Source material |
※

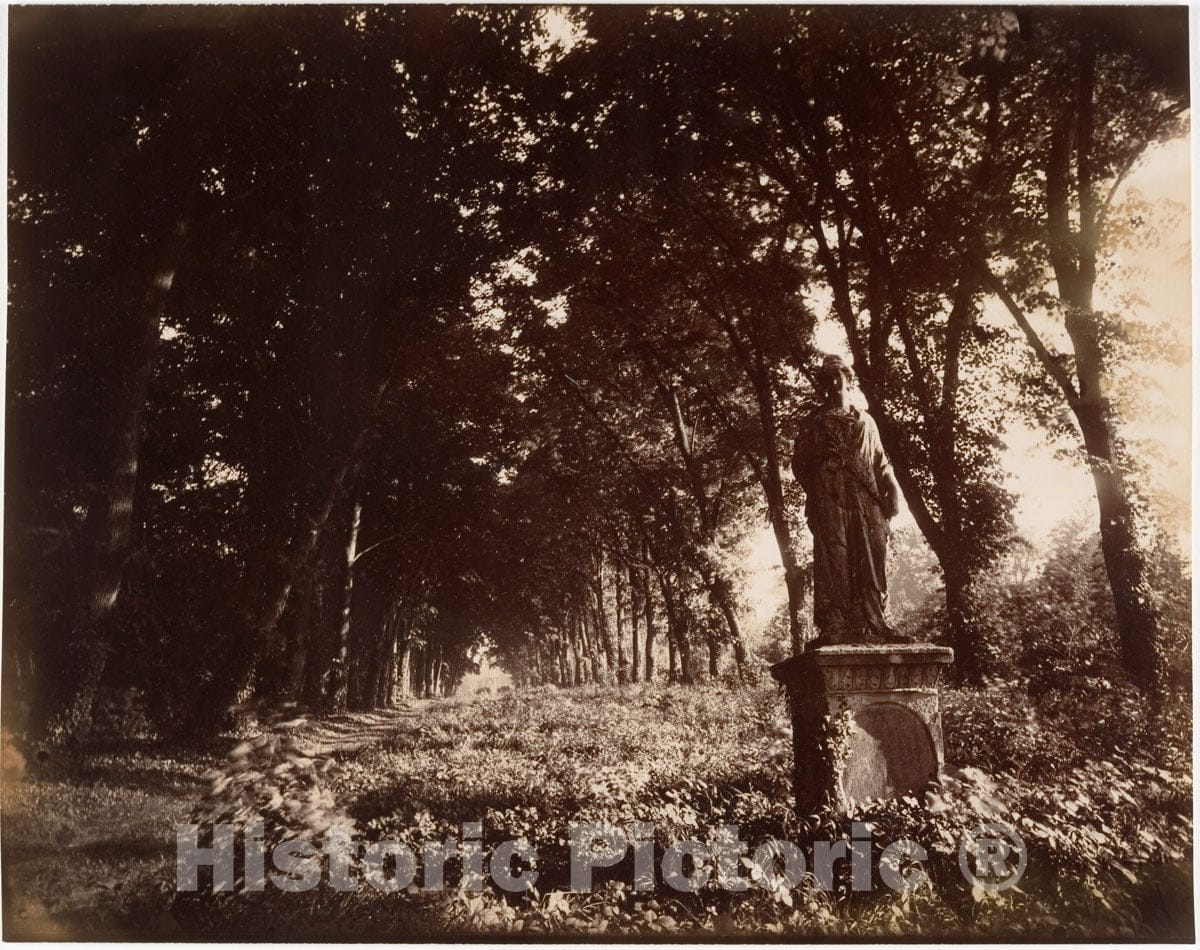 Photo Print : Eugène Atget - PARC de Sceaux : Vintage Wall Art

※

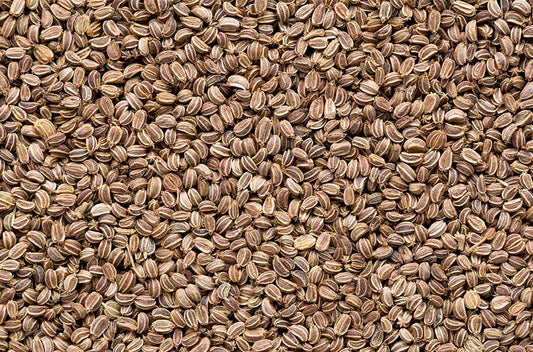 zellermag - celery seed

※

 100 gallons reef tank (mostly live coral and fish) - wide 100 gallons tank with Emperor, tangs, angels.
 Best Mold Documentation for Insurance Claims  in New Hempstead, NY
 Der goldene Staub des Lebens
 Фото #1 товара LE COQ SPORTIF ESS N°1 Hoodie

※

Exercise requirements | All lines above from the line with "100 gallons reef" through the line with "Фото #1 товара LE COQ SPORTIF ESS N°1 Hoodie", both included, are to be set down exactly, with nothing else.

Solution to the problem |
 100 gallons reef tank (mostly live coral and fish) - wide 100 gallons tank with Emperor, tangs, angels.
 Best Mold Documentation for Insurance Claims  in New Hempstead, NY
 Der goldene Staub des Lebens
 Фото #1 товара LE COQ SPORTIF ESS N°1 Hoodie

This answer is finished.